最後の清流・四万十川でカヌー体験!初心者でも気軽に楽しめた

2017.06.05 更新

清流に身をまかせ、カヌーでのんびり川下り。もしあなたが少しでもアウトドアに興味があれば、こんな光景を一度は夢に描いたことがあるはず。そこで今回は憧れの四万十川のカヌー体験を取材。カヌーは生まれて初めてという体験モデルさんと共に、半日コースを下ってみた。

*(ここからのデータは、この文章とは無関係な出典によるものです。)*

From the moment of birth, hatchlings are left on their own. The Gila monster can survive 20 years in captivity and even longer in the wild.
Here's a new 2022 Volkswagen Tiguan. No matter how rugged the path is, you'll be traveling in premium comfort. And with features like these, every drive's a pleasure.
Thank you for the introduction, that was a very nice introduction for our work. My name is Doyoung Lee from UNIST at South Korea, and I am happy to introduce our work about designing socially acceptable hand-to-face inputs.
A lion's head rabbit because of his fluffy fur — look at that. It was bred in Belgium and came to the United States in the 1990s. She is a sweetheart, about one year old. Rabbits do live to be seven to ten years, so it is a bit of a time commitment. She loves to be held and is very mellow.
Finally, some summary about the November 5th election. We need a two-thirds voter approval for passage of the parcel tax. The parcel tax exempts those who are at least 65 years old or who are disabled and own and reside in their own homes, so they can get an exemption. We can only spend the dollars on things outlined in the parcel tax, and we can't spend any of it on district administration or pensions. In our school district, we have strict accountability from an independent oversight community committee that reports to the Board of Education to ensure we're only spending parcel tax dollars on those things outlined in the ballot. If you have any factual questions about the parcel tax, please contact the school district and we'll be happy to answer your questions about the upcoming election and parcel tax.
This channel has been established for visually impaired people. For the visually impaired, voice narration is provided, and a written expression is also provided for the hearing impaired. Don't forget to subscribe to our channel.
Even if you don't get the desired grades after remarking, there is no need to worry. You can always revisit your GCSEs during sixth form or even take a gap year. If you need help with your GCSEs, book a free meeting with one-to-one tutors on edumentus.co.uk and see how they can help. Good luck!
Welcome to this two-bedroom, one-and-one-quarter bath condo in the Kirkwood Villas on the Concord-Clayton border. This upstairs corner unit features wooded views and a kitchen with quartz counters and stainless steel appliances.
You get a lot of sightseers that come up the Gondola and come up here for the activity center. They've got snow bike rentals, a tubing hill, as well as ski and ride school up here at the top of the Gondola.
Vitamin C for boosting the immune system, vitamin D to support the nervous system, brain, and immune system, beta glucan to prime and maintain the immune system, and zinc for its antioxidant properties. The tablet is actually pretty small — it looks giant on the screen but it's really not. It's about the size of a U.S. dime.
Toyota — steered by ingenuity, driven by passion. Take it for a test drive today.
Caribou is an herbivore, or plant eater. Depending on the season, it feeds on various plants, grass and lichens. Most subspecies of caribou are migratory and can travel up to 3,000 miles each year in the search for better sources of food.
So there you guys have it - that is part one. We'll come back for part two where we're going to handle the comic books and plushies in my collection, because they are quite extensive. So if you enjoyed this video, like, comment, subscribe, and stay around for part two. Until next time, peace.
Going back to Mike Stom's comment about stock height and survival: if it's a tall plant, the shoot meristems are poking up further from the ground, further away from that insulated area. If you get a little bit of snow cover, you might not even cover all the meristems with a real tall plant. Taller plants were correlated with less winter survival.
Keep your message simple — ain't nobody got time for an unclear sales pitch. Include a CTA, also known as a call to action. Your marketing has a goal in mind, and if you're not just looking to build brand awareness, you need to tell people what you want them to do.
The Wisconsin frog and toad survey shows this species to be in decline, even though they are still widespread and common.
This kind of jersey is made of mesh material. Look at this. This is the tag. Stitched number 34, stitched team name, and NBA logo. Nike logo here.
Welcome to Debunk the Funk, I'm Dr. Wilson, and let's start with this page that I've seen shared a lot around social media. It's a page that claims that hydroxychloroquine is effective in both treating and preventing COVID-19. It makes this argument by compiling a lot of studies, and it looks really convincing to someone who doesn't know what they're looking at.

プラン豊富な四万十川なら旅のスタイルに合わせて楽しめる

四万十川流域にはカヌー体験が楽しめる施設が数多く存在している。そのなかで今回利用したのは「四万十・川の駅 カヌー館」。申し込んだ体験プランは「お手軽川下り♪半日4kmショートツーリング(1人5,400円・税込)」だ。このコースならそれほどハードな流れもないので、初心者でも安心して挑戦することができる。
▲ゆったりとした流れで鏡のような川面になった四万十川。周囲の森に咲く季節の花が目を楽しませてくれることもある

同館は四万十川中下流域の交通の要所・江川崎にあり、車でもJRでもアクセス可能。年間通じて幅広いカヌー体験を行っている施設だ。今回の半日コースは、残りの半日を観光などに充てることもできるため、四万十川エリアを初めて訪れる人にも持ってこいとの判断で選んだ。

しかし取材当日は、残念ながら曇り時々雨。とはいえここは気持ちを切り替えて、雨に濡れる森と四万十川の風景を愛でるつもりで臨もう。悪天候ですら楽しんでしまう姿勢がアウトドアには重要なのだ。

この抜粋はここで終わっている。